Here, we propose a facile strategy to synthesize ceramic-like stable and highly luminescent CsPbBr₃ NCs by template confined solid-state synthesis and in situ encapsulation, which is based on a strategical collapse of the silicon molecular sieve (MS) template at a high synthesis temperature (600–900 ^oC). The synthesis process is a solid-state reaction at high temperature without organic solvents and organic ligands. The collapsed MS not only confine the growth of CsPbBr₃ NCs, but also block the interaction of CsPbBr₃ NCs at high temperature. The as prepared CsPbBr₃–SiO₂ micron-size powders not only show high photoluminescence quantum yield (PLQY) up to 71% and a narrow emission with a full width at half maximum (FWHM) around 20 nm, but also show exceptional photostabilities even slightly better than the ceramic Sr₂SiO₄:Eu²⁺ green phosphor under our testing conditions. Furthermore, thanks to the complete encapsulation of dense SiO₂ at high temperature, the as prepared CsPbBr₃-SiO₂ powders can survive in a harsh hydrochloric acid aqueous solution (1 M HCl) for 50 days without obvious photoluminescence (PL) intensity changing, which prove the excellent barrier properties of the formed SiO₂ solid. Even the small Cl⁻ ions cannot pass through the SiO₂ protective layer to reach CsPbBr₃ NCs. We believe the CsPbBr₃–SiO₂ powders have tremendous potential for LEDs and backlight display applications based on their excellent optical properties and stability.

Results

Synthesis and encapsulation of CsPbBr₃ into MS

All-silicon molecular sieves (MCM-41) were chosen as the MS template (Supplementary Table 1) because of their large surface area, narrow pore size distribution (d = 3.6 nm). More importantly, their pore structures can collapse at certain high temperature²⁷. As illustrated in Fig. 1a, the porous MS template was firstly soaked into the precursor salts (CsBr and PbBr₂) solution, and then dried at 80 °C. The resultant mixture was placed into a furnace and heated up to a high temperature (600–900 ^oC). At this high temperature, CsPbBr₃ NCs were synthesized in the confined pores of MS, meanwhile, the pore structures of MS gradually collapsed and encapsulated the CsPbBr₃ NCs, finally forming a dense CsPbBr₃–SiO₂ solid.
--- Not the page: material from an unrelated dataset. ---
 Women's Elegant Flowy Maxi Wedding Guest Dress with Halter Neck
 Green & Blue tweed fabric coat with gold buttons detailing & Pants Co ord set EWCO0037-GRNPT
Fig. 1: Growth and encapsulation of CsPbBr₃ NCs into MS matrixes at high temperature.

a The schematic diagram of synthesis CsPbBr₃ NCs into MS (SiO₂). b Photographs of the unwashed CsPbBr₃–SiO₂ powders (upper) and water washed CsPbBr₃–SiO₂ powders (bottom) at different calcination temperature under visible illumination, CsBr/PbBr₂:MS = 1:3. c XRD patterns of unwashed CsPbBr₃–SiO₂ powders. d XRD patterns of water washed CsPbBr₃-SiO₂ powders.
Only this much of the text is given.